Essa lógica tem diversos problemas. Primeiro: o direito penal americano, suposta origem da teoria, possui critérios de imputação muito diferentes daqueles impostos pela legislação penal brasileira, o que não é (mas deveria ser) explorado antes da importação de conceitos jurídicos. Segundo: não há correspondência entre os conceitos de willful blindness e cegueira deliberada, visto que muitos juízes acrescentam critérios inexistentes no direito americano, como é o caso da exigência de “indiferença” por parte do autor. Terceiro: a cegueira deliberada não possui amparo na lei brasileira, e nem poderia ter, pois a sua lógica é incompatível com o nosso sistema.

Do modo como aplicada pelos tribunais brasileiros, a cegueira deliberada funciona como uma categoria que visa à expansão do alcance do dolo para além do campo delimitado pelo legislador brasileiro, invadindo o território da culpa. Como a punição da culpa é excepcional, não sendo possível em diversos crimes como lavagem de dinheiro, caracterizar um fato como doloso ou culposo influi diretamente na possibilidade de sua punição.

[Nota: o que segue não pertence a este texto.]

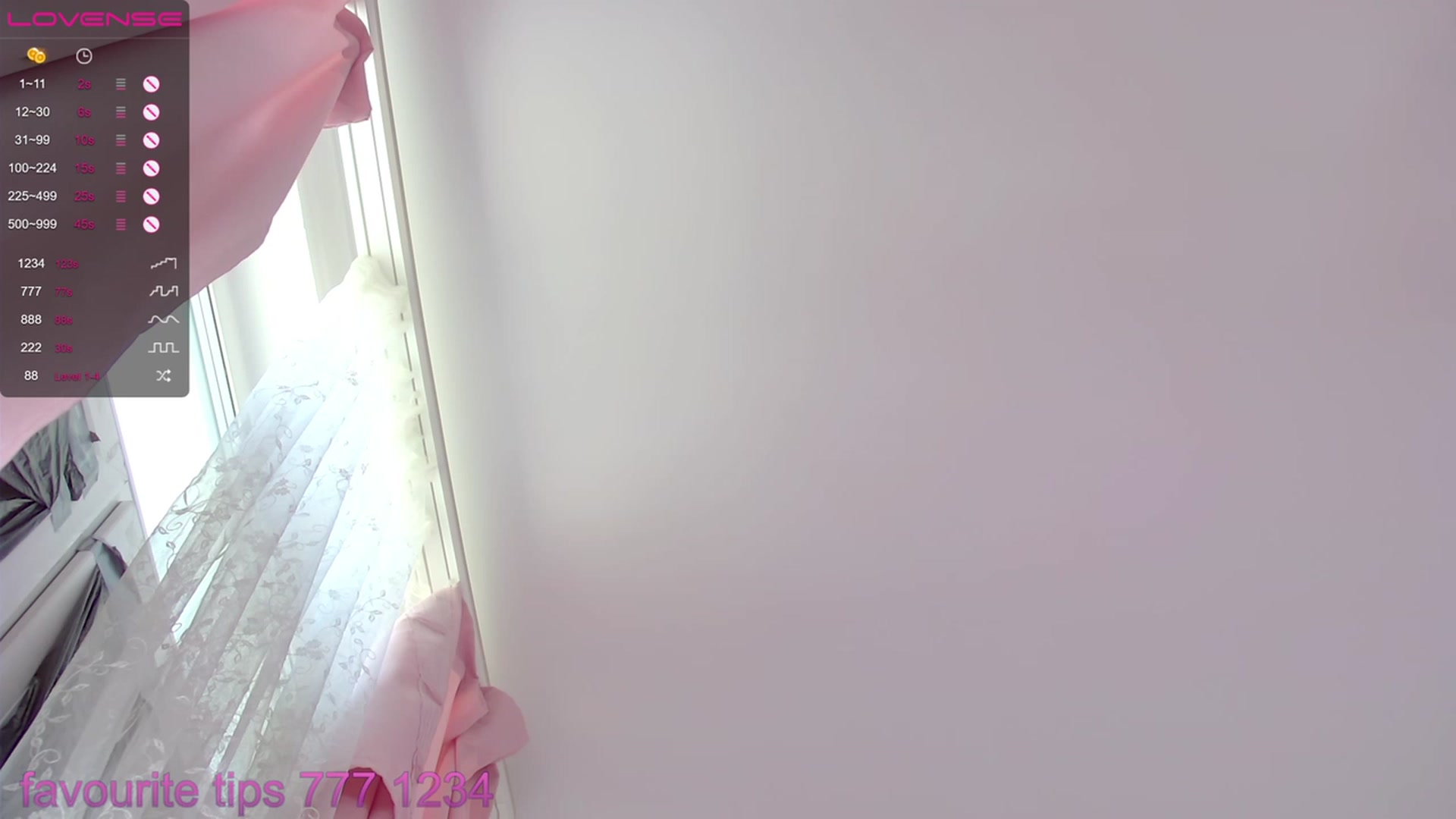 Gallery image thumbnail from Teentatalla's myfreecams stream on, 05/02/2023, 09:58 image 10 of 20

O dolo somente pode ser reconhecido nos casos em que seus pressupostos legais já estejam presentes. Sendo assim, a cegueira deliberada não pode alterar nem ampliar o conceito legal de dolo.

Se os critérios para identificação da cegueira deliberada no Brasil são diferentes dos critérios para a identificação da willful blindness e se cegueira deliberada deve corresponder ou ao menos se inserir no conceito de dolo, não há sentido em se desenvolver uma teoria nesses termos. A tentativa de se englobar pela cegueira deliberada condutas que não seriam puníveis pela aplicação dos critérios legais do dolo viola o princípio da legalidade.